BAŞKAN CENGİZ AYDOĞDU - Bugün Radyo ve Televizyon Üst Kurulunu ve Bilgi Teknolojileri ve İletişim Kurumunu dinleyeceğiz.

Şimdi, radyo, televizyon ve bilgi teknolojileri deyince McLuhan'ı hatırlamadan olmaz. 1960'larda yazmıştı, neredeyse altmış sene olmuş, "Dünya global bir köy olacak. 'Global village' olacak" diyordu. İletişim teknolojileri o şekilde gelişti ki radyo ve televizyonu geçtik, internet artık dünyayı köy olmaktan çıkartıp neredeyse bütün dünyayı bir evin içi gibi yaptı; bu kadar küçüldü her şey. Tabii, bunun sorunları da kendiliğinden geldi; devasa sorunlar, daha önce insanlığın tecrübe etmediği çetin sorunlar...

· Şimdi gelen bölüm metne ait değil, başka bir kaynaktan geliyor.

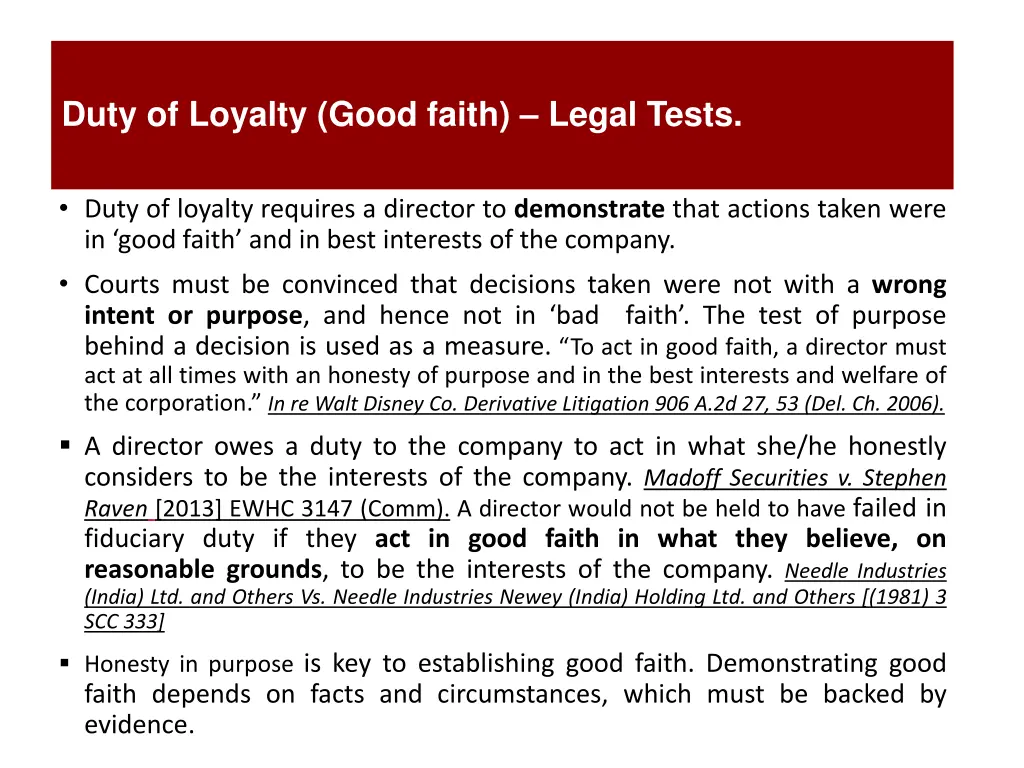 duty of loyalty good faith legal tests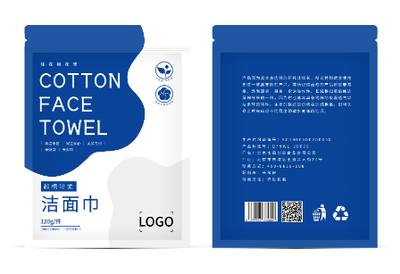 蓝色简约创意包装袋设计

Bizim Komisyonumuzun konusu çocuk -çocuğu aileler, devlet, komşular, toplumsal hayat her ne kadar korumaya çalışırsa çalışsın- kontrol dışı, hemen hemen bütün dünyanın, bütün ülkelerin problemi, halletmesi gereken devasa bir problem. Bu teknolojilerdeki gelişmelerin ortaya çıkardığı iletişim ortamı kontrolü çok zor, imkânsız bir durumda ve çocuklarımız da bu kontrolsüz, tehlikeli dünyanın ortasında. Bu açıdan bugün sizlerin sunumuna çok kıymet veriyoruz.

Biliyorsunuz, bu sene ülkemizde Ziya Gökalp Yılı olarak kutlanıyor. Ziya Gökalp, Türk sosyolojisinin kurucusudur ve eğitim, onun tabiriyle "terbiye" konusuna ilk eğilen bilim insanımızdır, ilk eğilen filozofumuzdur, ilk eğilen düşünürümüzdür. Bu konuda elbette ondan önce de daha çok şey söylenmiş ama modern manada hem sosyolojiyi kurmuş hem "millî terbiye" dediği bu eğitim konusuna çok zaman ayırmış, söylenilmesi gereken bütün ilk şeyleri rahmetli söylemiş. Onun bir tespitini size hatırlatarak toplantımızı açacağım. Diyor ki: "Bütün milletler çocuklarına millî idealleri çerçevesinde terbiye verirler. Millî kültür, bir toplumu diğer toplumlardan ayıran, temayüz ettiren gelenek, görenek, anane, hayata bakış, dünyaya bakış, değerlendiriş, sorun çözme şekli, sorunları algılama, idrak etme kabiliyeti, bütün bunlar bir toplumun kendine has hususiyetleri ve kültür üst başlığında toplanabilir." Bugün ölümünün yüzüncü yılını andığımız, hatırladığımız Ziya Gökalp'i rahmetle anarak çocuklarımız ve millî kültürümüz ve bu kontrol edilemez iletişim ortamı. Bu sorunun çözümünün elbette birinci adresi Türkiye Büyük Millet Meclisi ve bu Komisyon da bu konuda hac yolunda karınca misali küçük, mütevazı bir adım atarsa Komisyonumuzu, toplantılarımızı, gayretlerimizi karşılıksız kalmamış sayacağız.

Ben bütün görsel basın mensuplarına teşekkürler ediyorum, şimdi arkadaşlarımızın sunumlarına geçeceğiz, onlar müsaade ettikleri takdirde.